They keep saying everything is fine when I ask if theyre upset with me, but almost every conversation we have they drop some hint theyre mad at me or judging me in some way. (Often about how I manage money, my time, or my health.)
But theyre also sneaky about it in a way I cant call them out on it without them being able to deny it.
They also compete with me by suggesting their problems are worse than mine, or complain when I can do something they cant. Usually to invalidate the things Im going through or to suggest their needs are more important than mine.
And finally, theres a hobby they love and every chance they get they try to convince me to do it with them. Usually I try to put some time aside to do just that but lately Ive been sick so havent been able to join them. It takes a lot of energy.
But now if I do anything else, they make a comment about it (aka you cant be that sick if you can do that) or insult it (insinuate its no good and they wouldnt do it), and then bring up their hobby again (aka if your well to do that then do this with me.) Its unfair because the things Im doing are chores/needs, and the few things I do that are fun are way less difficult and take less time than their hobby. Its just little things to pass the time while sick. Im not avoiding their hobby, its just too hard for me right now!

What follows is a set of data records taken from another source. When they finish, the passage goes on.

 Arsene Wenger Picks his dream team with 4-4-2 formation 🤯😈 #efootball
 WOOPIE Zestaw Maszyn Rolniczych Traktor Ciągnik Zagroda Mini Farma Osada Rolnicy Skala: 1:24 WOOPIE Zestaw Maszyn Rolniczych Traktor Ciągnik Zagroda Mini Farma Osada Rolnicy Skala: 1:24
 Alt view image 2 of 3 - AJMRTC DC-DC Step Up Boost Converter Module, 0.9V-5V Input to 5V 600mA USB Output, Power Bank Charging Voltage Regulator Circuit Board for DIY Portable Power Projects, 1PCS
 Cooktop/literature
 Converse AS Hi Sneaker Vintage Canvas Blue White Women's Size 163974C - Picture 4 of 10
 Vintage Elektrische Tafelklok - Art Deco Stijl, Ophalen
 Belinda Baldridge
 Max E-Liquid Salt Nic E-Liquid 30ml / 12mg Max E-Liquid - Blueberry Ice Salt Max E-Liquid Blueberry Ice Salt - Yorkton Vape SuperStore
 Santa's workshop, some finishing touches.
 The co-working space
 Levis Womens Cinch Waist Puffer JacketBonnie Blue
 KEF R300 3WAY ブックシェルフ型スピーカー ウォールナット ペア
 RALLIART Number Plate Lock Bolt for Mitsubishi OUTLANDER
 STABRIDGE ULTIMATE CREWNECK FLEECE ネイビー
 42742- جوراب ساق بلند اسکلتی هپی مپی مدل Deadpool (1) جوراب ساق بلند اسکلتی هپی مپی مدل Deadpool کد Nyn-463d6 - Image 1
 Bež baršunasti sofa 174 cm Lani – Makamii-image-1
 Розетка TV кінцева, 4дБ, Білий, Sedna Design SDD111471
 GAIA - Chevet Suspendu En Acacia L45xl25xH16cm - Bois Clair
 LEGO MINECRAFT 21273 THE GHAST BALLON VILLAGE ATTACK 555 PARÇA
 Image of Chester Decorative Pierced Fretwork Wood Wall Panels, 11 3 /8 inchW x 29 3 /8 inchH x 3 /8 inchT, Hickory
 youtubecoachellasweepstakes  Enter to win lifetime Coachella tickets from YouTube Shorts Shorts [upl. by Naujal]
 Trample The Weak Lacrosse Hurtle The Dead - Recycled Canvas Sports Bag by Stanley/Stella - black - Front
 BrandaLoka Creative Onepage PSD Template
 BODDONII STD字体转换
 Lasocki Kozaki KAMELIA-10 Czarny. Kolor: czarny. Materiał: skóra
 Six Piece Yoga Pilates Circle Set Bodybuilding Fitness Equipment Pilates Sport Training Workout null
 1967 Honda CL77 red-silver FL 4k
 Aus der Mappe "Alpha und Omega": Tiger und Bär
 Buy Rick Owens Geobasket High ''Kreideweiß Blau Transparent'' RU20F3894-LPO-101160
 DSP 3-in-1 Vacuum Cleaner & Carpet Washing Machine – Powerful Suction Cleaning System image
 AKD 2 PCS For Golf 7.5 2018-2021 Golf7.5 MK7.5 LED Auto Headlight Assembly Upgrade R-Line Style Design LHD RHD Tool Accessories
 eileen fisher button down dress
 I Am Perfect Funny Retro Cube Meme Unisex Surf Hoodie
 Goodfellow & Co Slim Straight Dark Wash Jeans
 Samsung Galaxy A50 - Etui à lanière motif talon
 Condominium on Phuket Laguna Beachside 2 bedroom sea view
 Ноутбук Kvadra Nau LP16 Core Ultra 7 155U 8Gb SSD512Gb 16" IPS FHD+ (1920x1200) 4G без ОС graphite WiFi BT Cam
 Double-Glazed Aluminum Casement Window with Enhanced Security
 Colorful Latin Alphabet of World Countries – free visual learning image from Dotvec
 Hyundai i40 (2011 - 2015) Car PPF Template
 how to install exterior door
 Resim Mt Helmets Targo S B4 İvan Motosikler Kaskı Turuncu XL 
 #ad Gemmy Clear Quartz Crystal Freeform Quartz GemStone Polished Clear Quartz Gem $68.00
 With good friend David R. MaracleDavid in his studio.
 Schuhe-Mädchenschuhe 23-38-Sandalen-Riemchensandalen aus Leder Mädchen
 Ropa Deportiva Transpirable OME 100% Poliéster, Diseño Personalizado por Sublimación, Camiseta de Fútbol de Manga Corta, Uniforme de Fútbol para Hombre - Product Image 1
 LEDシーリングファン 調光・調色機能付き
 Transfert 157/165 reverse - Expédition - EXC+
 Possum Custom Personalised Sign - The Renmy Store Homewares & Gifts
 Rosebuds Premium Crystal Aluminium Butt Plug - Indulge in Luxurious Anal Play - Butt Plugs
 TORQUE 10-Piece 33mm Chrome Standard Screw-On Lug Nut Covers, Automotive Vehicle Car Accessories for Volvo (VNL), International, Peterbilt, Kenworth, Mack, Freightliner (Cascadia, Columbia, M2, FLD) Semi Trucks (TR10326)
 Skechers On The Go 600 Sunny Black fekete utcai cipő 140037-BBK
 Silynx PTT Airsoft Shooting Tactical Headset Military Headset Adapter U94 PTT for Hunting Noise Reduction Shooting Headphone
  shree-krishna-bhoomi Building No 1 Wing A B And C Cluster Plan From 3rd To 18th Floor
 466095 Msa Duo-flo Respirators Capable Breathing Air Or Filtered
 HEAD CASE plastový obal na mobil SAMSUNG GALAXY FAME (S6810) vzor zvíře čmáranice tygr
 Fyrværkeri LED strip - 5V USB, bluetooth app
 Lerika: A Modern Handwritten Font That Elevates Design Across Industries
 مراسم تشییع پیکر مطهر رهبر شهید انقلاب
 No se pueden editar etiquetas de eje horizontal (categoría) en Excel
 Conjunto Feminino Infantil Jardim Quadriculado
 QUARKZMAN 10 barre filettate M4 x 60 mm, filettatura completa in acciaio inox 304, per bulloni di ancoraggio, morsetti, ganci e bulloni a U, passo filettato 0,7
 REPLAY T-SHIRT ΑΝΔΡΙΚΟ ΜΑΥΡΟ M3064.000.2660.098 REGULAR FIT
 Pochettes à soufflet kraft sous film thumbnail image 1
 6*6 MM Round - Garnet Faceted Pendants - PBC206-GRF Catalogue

But honestly, even when we do their hobby (I often push myself), they then sometimes make comments that Im enjoying it wrong too, so I really cant win anyway!
All and all, I dont know how to cope with this. I really wish theyd just talk to me outright so we can figure out a compromise or I can stand up for myself at least.
Ive tried to gently bring it up so as not to cause a fight, but when I do, they deny it or say they didnt mean it that way. So it doesnt work.
And unfortunately because they make comments so often, Im paranoid at everything they say now. I think, is this another hint? Is this about me? Are they mad again? I dont even know anymore! I never used to feel this anxious talking to them. It used to be easy. And now I think, how can I can I confront them if I doubt myself? If I dont know if it is always about me?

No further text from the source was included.